--- Task instructions ---
Make an exact copy, from the records below, of the lines from the line containing "Skoda Kamiq 1.0 TSI 81kW (110CV) Ambition 23" to the line containing "ở Nam Sudan", both lines included, excluding pictures.

--- Recorded information ---
○ ○ ○ ○ ○ ○ ○

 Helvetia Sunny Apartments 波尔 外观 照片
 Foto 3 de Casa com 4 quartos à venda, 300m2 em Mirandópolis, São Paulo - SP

○ ○ ○ ○ ○ ○ ○

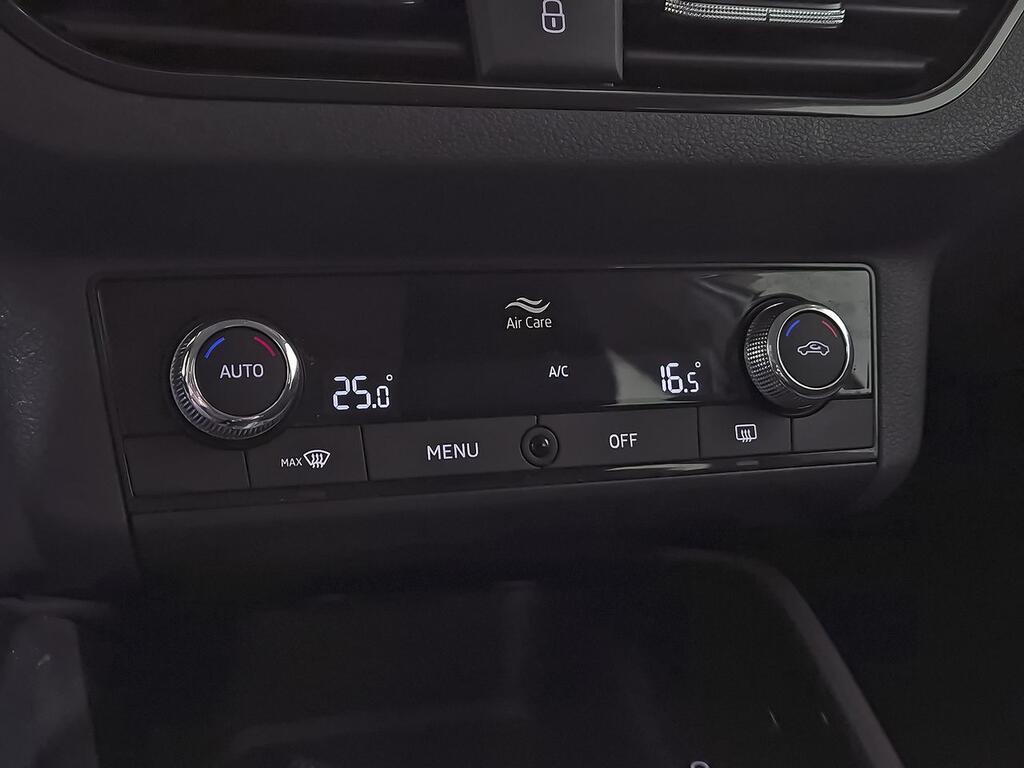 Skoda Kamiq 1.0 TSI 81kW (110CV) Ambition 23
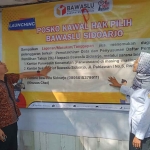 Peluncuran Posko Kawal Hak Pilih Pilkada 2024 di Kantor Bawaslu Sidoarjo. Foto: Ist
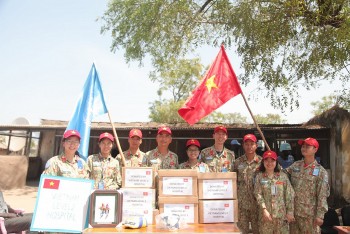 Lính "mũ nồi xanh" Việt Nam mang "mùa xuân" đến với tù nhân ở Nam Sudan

○ ○ ○ ○ ○ ○ ○

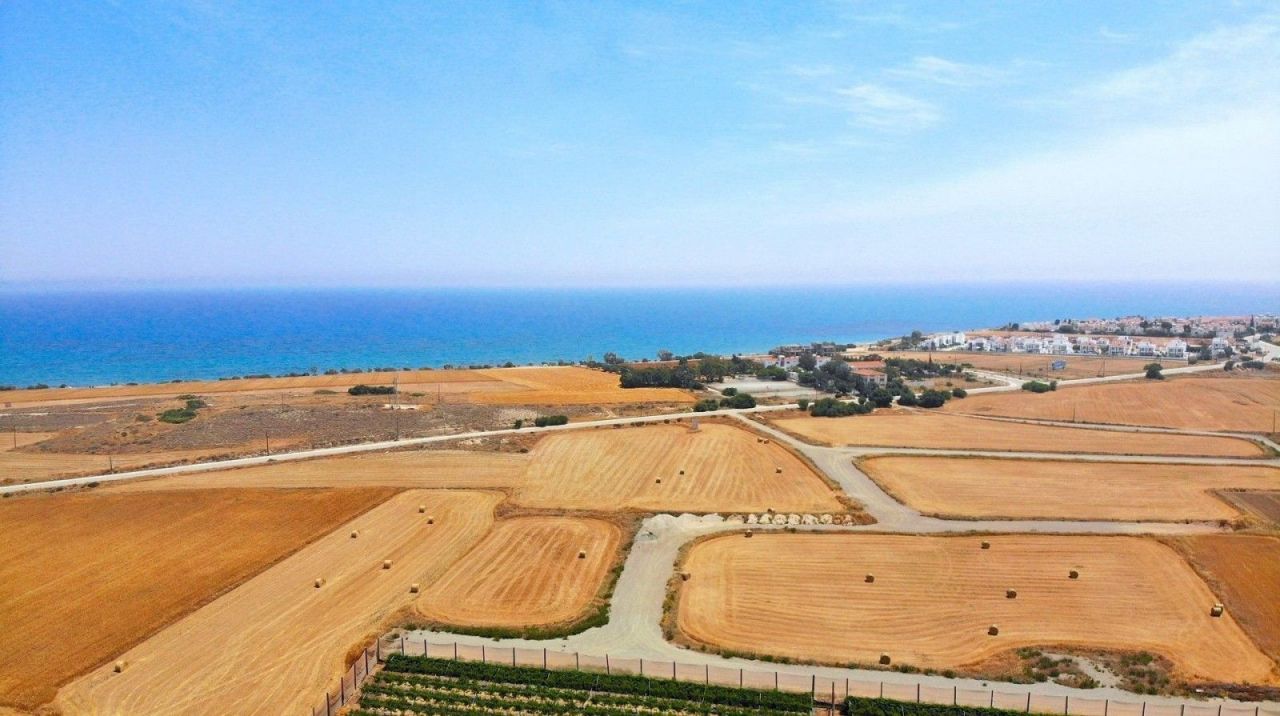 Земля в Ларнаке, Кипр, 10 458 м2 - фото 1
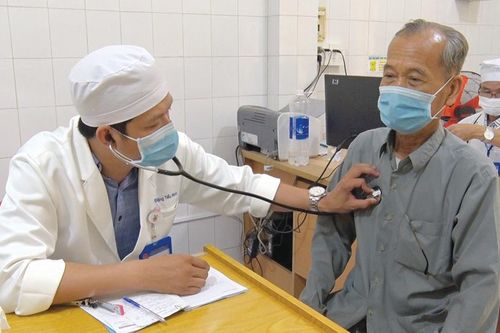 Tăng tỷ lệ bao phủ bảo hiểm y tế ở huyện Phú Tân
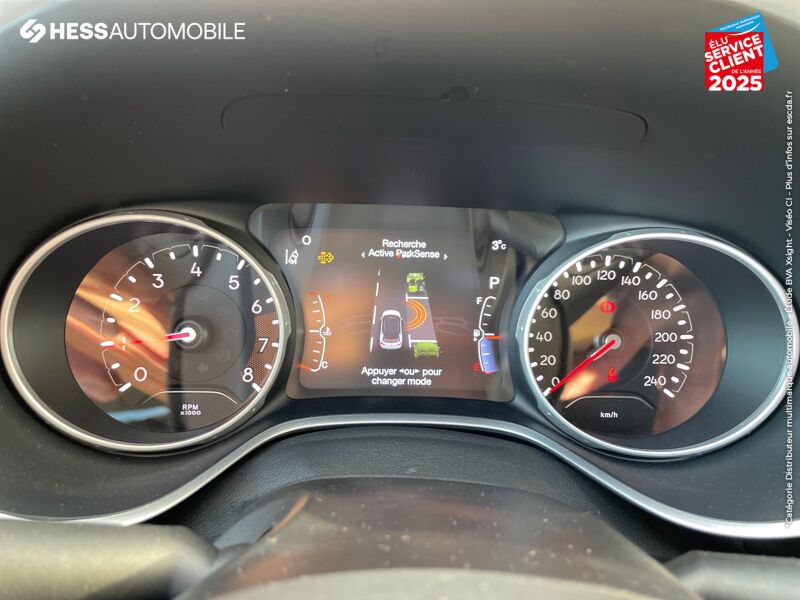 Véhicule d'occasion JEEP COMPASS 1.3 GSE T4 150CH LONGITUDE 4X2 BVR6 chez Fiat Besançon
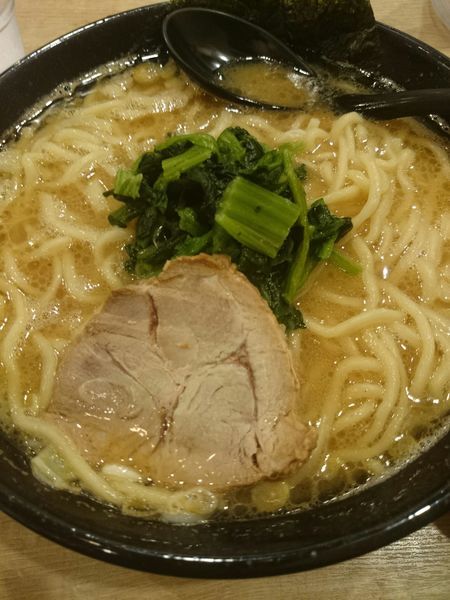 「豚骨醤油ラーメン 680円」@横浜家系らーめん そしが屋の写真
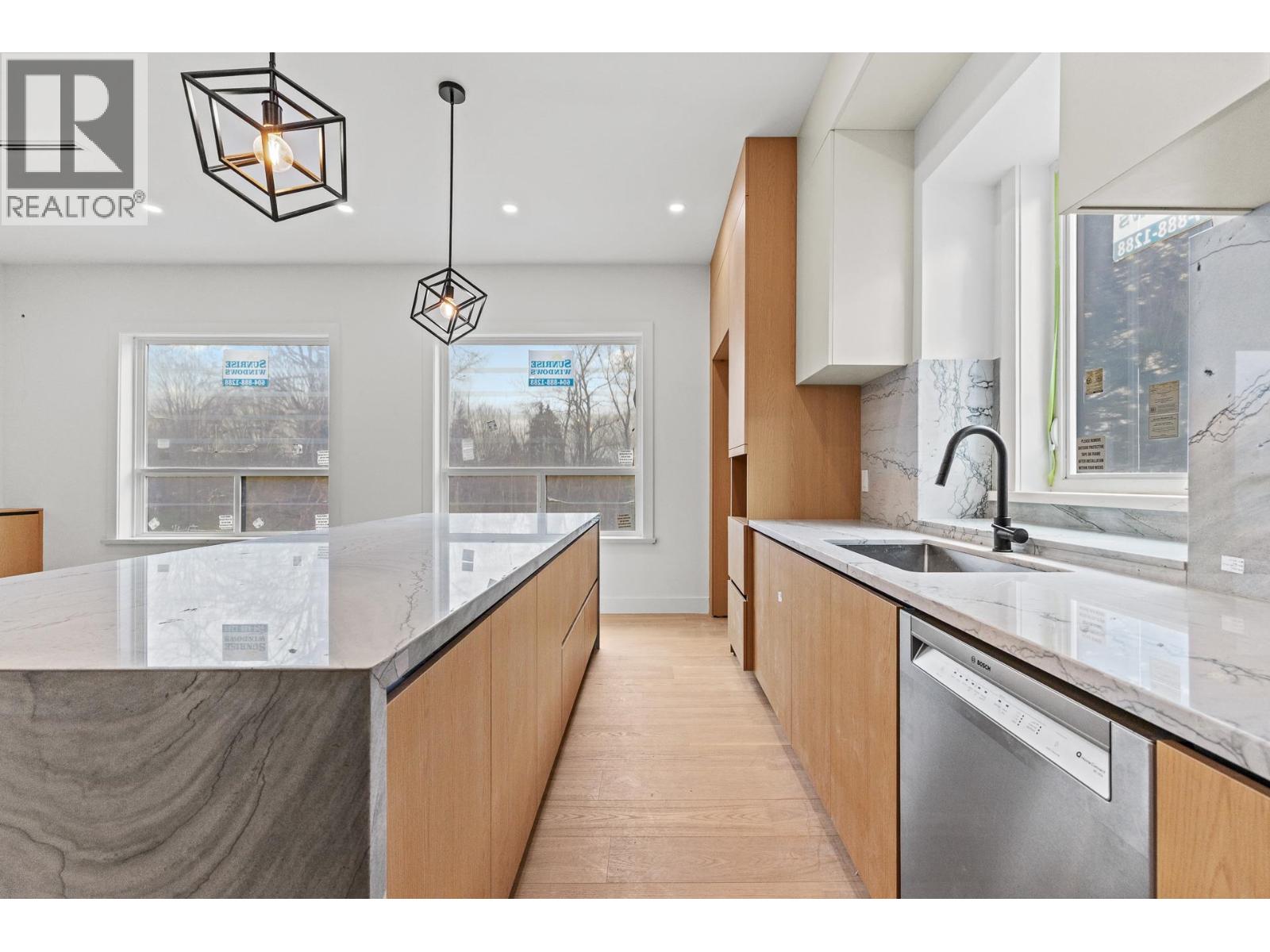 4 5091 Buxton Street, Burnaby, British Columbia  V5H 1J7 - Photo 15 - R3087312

○ ○ ○ ○ ○ ○ ○

--- Completed exercise ---
 Skoda Kamiq 1.0 TSI 81kW (110CV) Ambition 23
 Peluncuran Posko Kawal Hak Pilih Pilkada 2024 di Kantor Bawaslu Sidoarjo. Foto: Ist
 Lính "mũ nồi xanh" Việt Nam mang "mùa xuân" đến với tù nhân ở Nam Sudan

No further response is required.